Thursday, February 28, 2008


I'm on a roll this morning...I actually have a ton of work to do, but I keep running into interesting bullshit stories. So really quick, Hockey Drunk did a run down of all the teams in the league if the league was a high school (and we all know that the NHL is Special Ed...and the biggest retard is the principal):

  • Buffalo would be the kid who never can afford to go anywhere or do anything.
  • Carolina would be the farmer kid with a mullet.
  • Pittsburgh would be the crybaby tattle tail.
  • New Jersey would be the really boring kid.
  • Montreal would be the kid who wants to trade you his apple for your Subway sandwich.
You can read them all over at Hockey Drunk; they are humorous at the very least.


Jeff K said...

Those are great.
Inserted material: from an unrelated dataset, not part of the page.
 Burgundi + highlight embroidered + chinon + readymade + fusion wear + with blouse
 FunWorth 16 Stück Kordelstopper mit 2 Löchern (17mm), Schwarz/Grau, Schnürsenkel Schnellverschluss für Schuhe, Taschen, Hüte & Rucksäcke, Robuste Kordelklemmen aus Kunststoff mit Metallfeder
My favorites:

* Detroit would be the foreign exchange student.
* Philadelphia would be the kid who’s always suspended.
* Ottawa would be the kid that breezes through the school year and then blows the final exams.
* Toronto would be the girl with major issues.
* Washington would be the class clown. Entertaining, but ends up going nowhere.

Funny stuff. Though I like how everyone says "New Jersey is boring". I'm guessing those same people would say "Washington is exciting! They have Ovechkin!" If they're so exciting, how come they only have 10 more goals this season? They should have 100 more! Basically, they're exciting when Ovey's on the ice, and the rest of the time they're worse than beer league hockey. Oh, and guess what? The Ducks and the Sharks also have less goals. And if you truly want boring, try sitting through a Minnesota or Vancouver game. Egads.

All I'm saying is come up with a new Devils joke instead of using the same one from 1995. Or at least watch the team play instead of just reading about it on the interwebs and basing your judgment on YouTube highlight videos.

Kris said...

Most are very good, but I do have a problem with "New York Rangers would be the rich kid."

That's just too simple. My submission:

*The New York Rangers would be the rich kid who dresses in Dior and Armani, but ends up spilling milk on themselves by lunchtime.